Using Debug Logs for App Autoscaler

Page last updated:

This topic describes how to monitor App Autoscaler and its supporting VMware Tanzu Application Service for VMs (TAS for VMs) components through debug logging.

Overview of Debug Logging in Autoscaler

Autoscaler does not record debug logs by default. When you configure Autoscaler to record debug logs, the list of logs that Autoscaler records includes debug logs along with its normal logs. Debug logs include DEBUG in their log lines.

You can use the debug logs that Autoscaler generates to do the following:

  • See whether developers of your apps are using Autoscaler to scale them, as well as measure the efficacy of apps that use or do not use Autoscaler. For more information, see Reviewing Autoscaler Usage below.

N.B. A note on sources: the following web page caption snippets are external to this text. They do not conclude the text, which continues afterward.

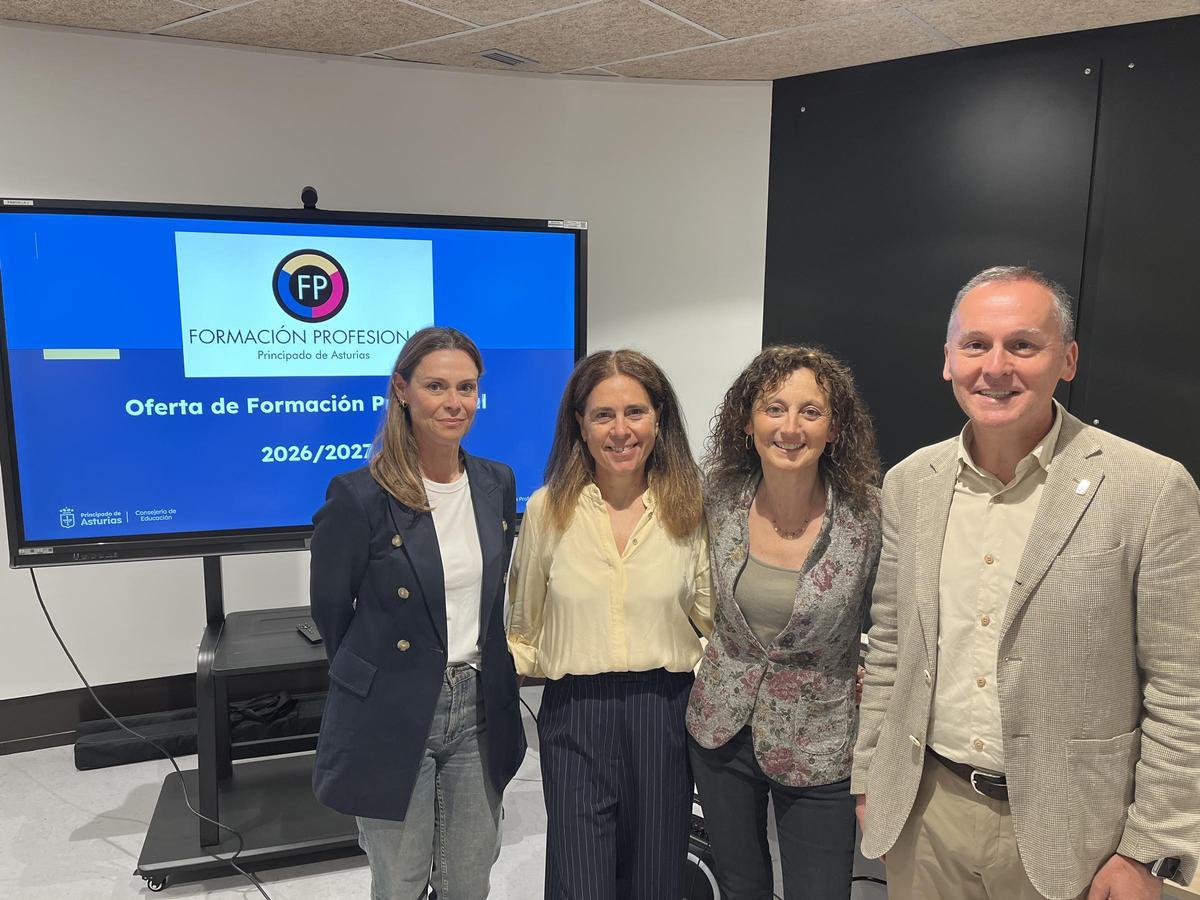 Por la izquierda, Mar Martínez, Yolanda Artime, Eva Ledo y Ángel Balea, esta mañana, en la sede del CENIF.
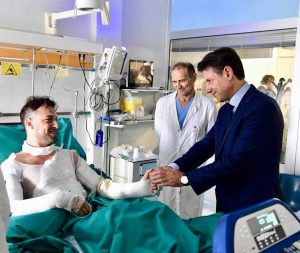 Inferno in tangenziale a Bologna - Il premier Giuseppe Conte incontra il poliziotto Riccardo Muci in ospedale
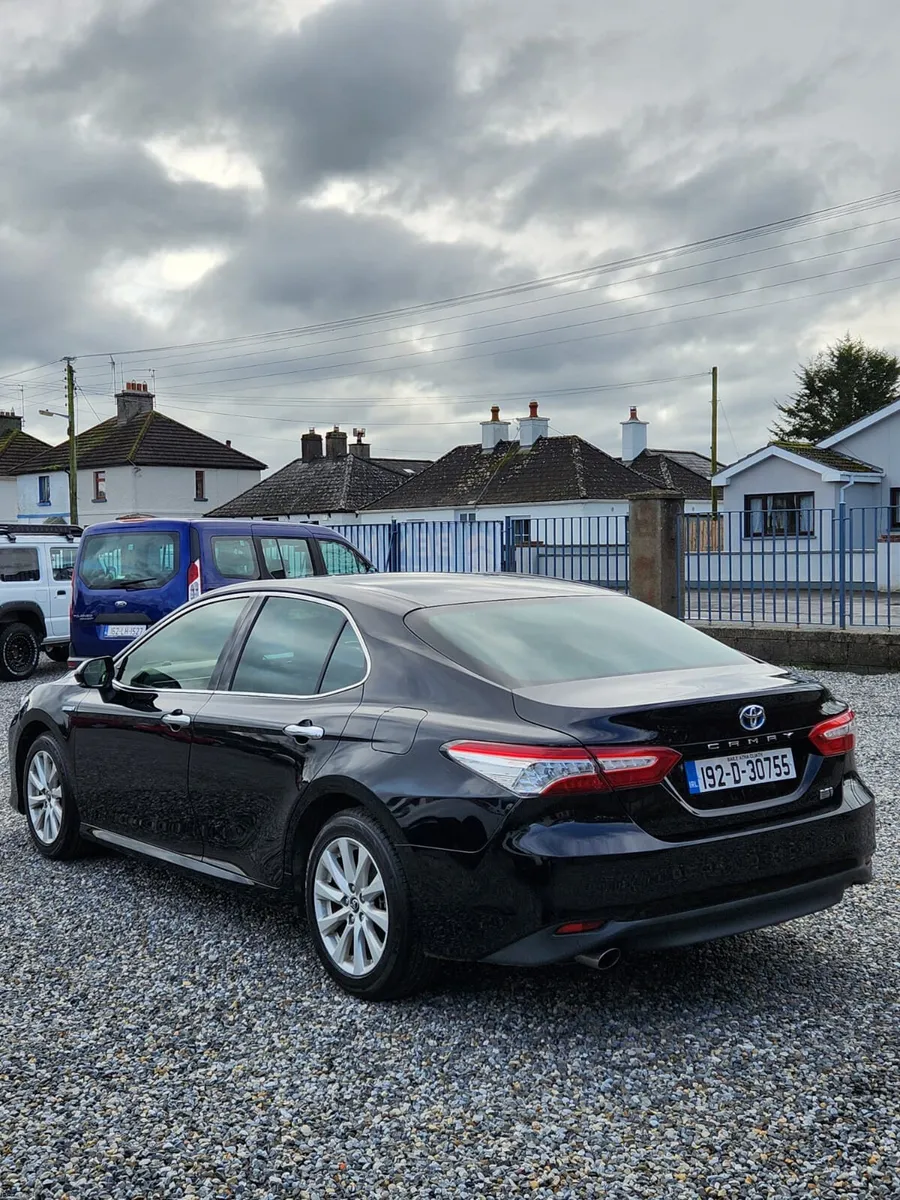 Toyota Camry Hybrid - Image 4
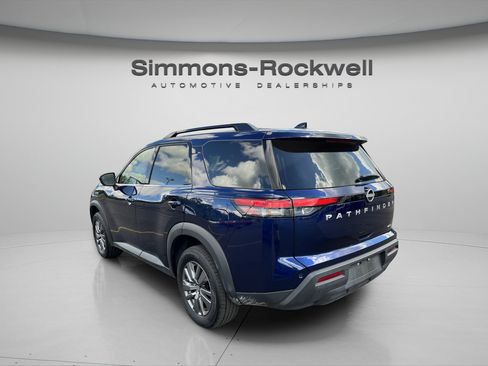 Used 2025 Nissan Pathfinder SV AWD/4WD image 3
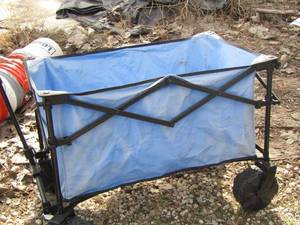 lot 176 image: Blue  COLLAPABLE WAGON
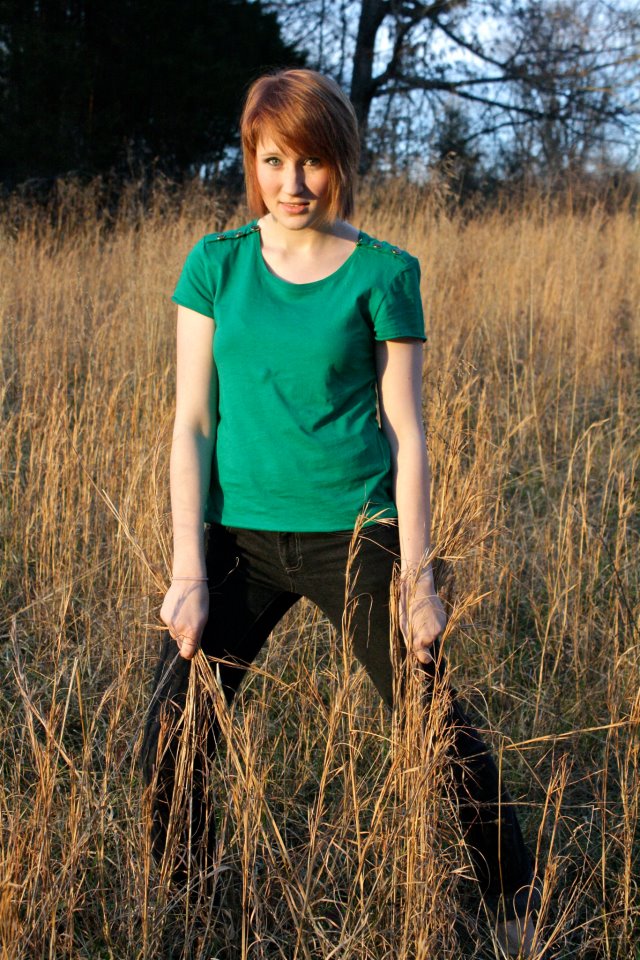 Female model photo shoot of chelsea hayes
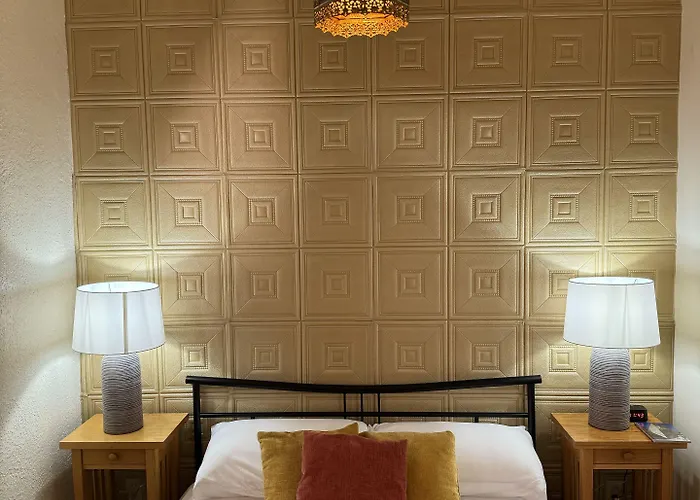 Hotel The Block Basic - Queen *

  • Determine if TAS for VMs components are failing to sufficiently support Autoscaler. For more information, see Failure Modes below.

To configure Autoscaler to record debug logs, see Configure Debug Logging for Autoscaler below.

To review the debug logs for Autoscaler, see Review Autoscaler Debug Logs below.

Configure Debug Logging for Autoscaler

To configure Autoscaler to record debug logs:

  1. In a terminal window, run:

    cf target -o system -s autoscaling
    
  2. Set the logging level for Autoscaler to debug by running:

    cf set-env autoscale LOG_LEVEL debug
    
  3. Restart Autoscaler by running:

    cf restart autoscale
    

    Note: Re-starting Autoscaler briefly interrupts any processes it is currently performing.

Review Autoscaler Debug Logs

To review the debug logs for Autoscaler:

  1. In a terminal window, run:

    cf target -o system -s autoscaling
    
  2. Run:

    cf logs autoscale
    

    In the terminal output, all logs for Autoscaler appear, including debug logs. Debug logs include DEBUG in their log lines.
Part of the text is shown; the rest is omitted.